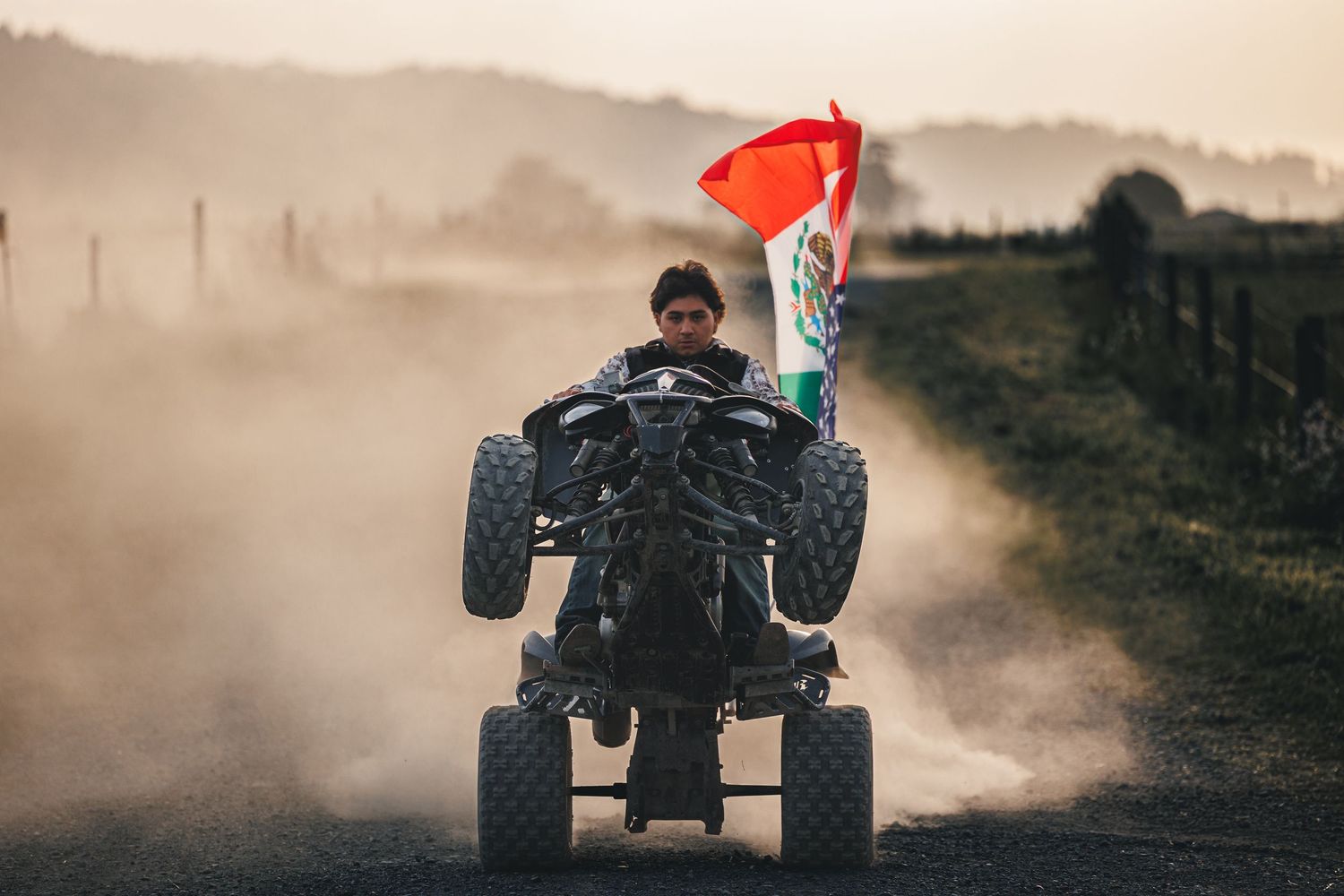 High school senior riding an ATV along a dusty rural trail during an outdoor senior portrait session.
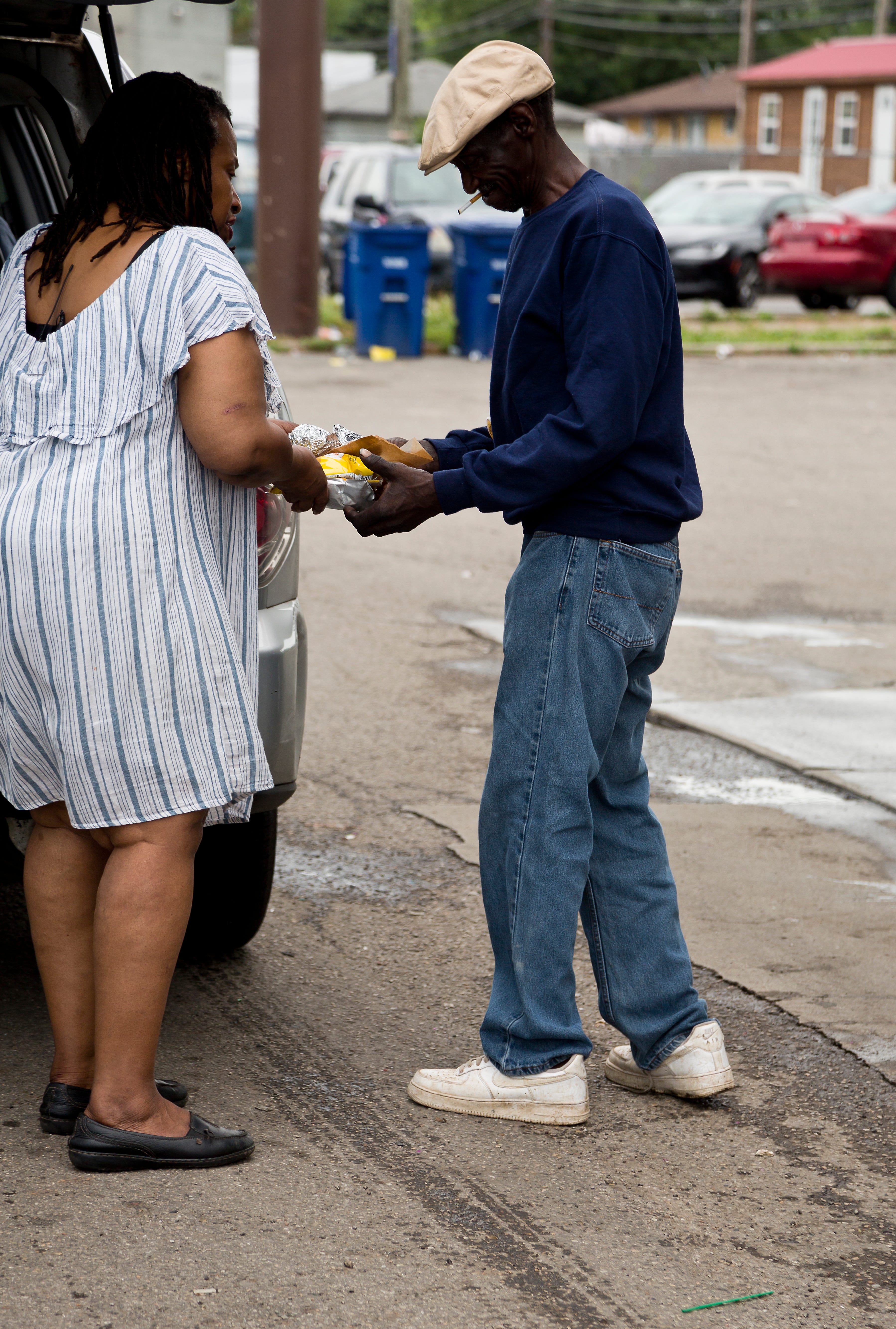 Everyday Hero finalist Debra McCauley hands out food to members of Columbus's homeless population on Thursday, July 1, 2021.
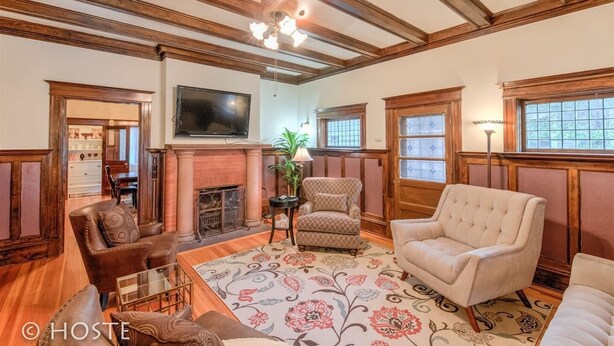 A spacious living room with wooden beams, a fireplace, a television, and comfortable seating.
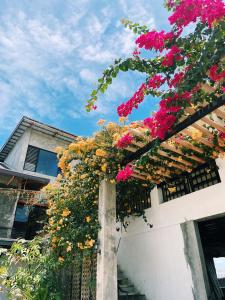 a bunch of flowers hanging from a building at Urban Glamp Resort in Oton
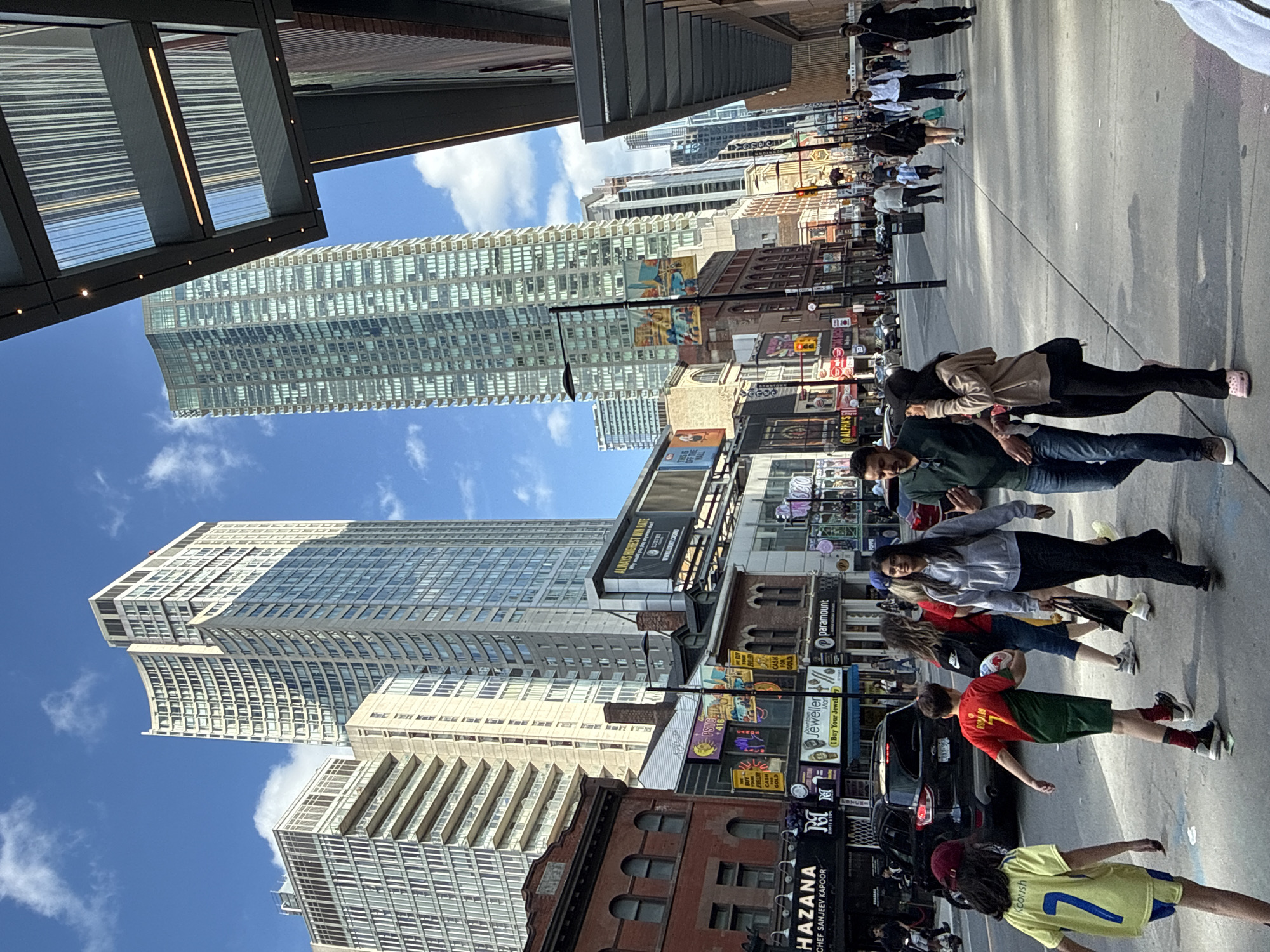 Evening street life and shopping captured across downtown Toronto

══════

=== Exercise brief ===
Could you set down word for word each line from the one holding "Everyday Hero finalist" through the end of the material above, without any pictures?

=== Exercise response ===
 Everyday Hero finalist Debra McCauley hands out food to members of Columbus's homeless population on Thursday, July 1, 2021.
 A spacious living room with wooden beams, a fireplace, a television, and comfortable seating.
 a bunch of flowers hanging from a building at Urban Glamp Resort in Oton
 Evening street life and shopping captured across downtown Toronto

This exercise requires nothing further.